SCENE 1: PRE-CREDITS
Exterior: Quiet, sleepy, circular street surrounding Anderson Grove.
Interior: The Lanska-Wener living room, aglow by television light.
Time: Early August, definitely after midnight.
Jessica, on the couch: Hey, what’s the name again of that favorite movie of yours you wanted to show me?
Ben, standing, sipping tea: Which one? [He lets out a slight, knowing chuckle.]
Jessica: Fair point. [Points at Ben, improvises teasing “because it’s you” joke.] You know, the Scottish one you’re always telling me about.
Ben: Oh. Local Hero. But we can’t watch that yet.
Jessica: [Cocks head, eyes indicating “go on ...”]
Ben: So ... that’s one of those movies from the ’80s that should look really beautiful, but actually it’s always looked pretty terrible, even on blu-ray.
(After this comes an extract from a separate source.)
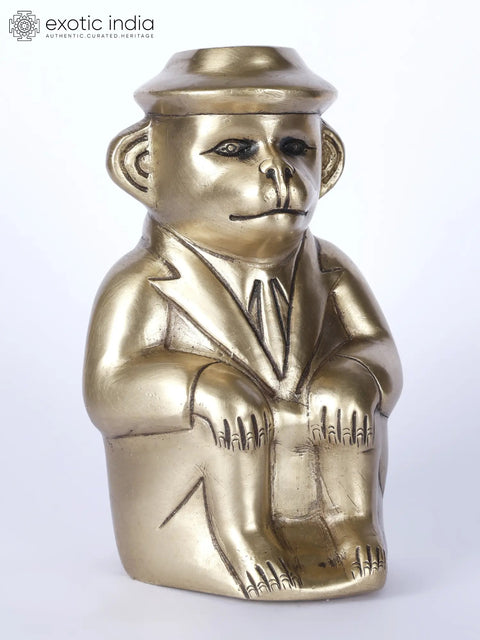 6" Monkey Man Brass Statue | Home Altar Table Decor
But [way overdoing it] FINALLY a Criterion edition is coming out, the day before my birthday ...
Jessica: The day before your birthday ...
Ben: Right, the day before my birthday ...
Jessica: [Nods with a touch of both “hmmm” and “ah-ha.”]
Ben: You know ...
Jessica: [Already a step ahead.] Yes?
Ben: All I’d really like to do for this “big birthday” is just show you that movie as soon as it arrives.
Jessica: I assumed as much.
Ben: Maybe we could just make a weekend of it ...
Jessica: Sure, yeah ... I see where you’re go-
Ben: And I’ll pick a bunch of movies I really want to screen for you ...
Jessica: Wait ... a bunch?
Ben: Well ... some.
Jessica: A bunch?
Ben: A few.
Jessica: [Resignedly.] A bunch.
Ben: Maybe a bunch.
Ben: And then we can just relax.
Ben: You know ...
Jessica: [Again, several steps ahead.] Yes, I do.
Ben: If we wanted to ...
Jessica: This could be the perfect way to have what you want for your 50th birthday.
Jessica: And deter anyone from throwing you some sort of party you don’t want.
Ben: Yes! One brain.
Jessica: [Smiles] One brain.
[Long pause, during which at least 50 film posters flicker through Ben’s mind.]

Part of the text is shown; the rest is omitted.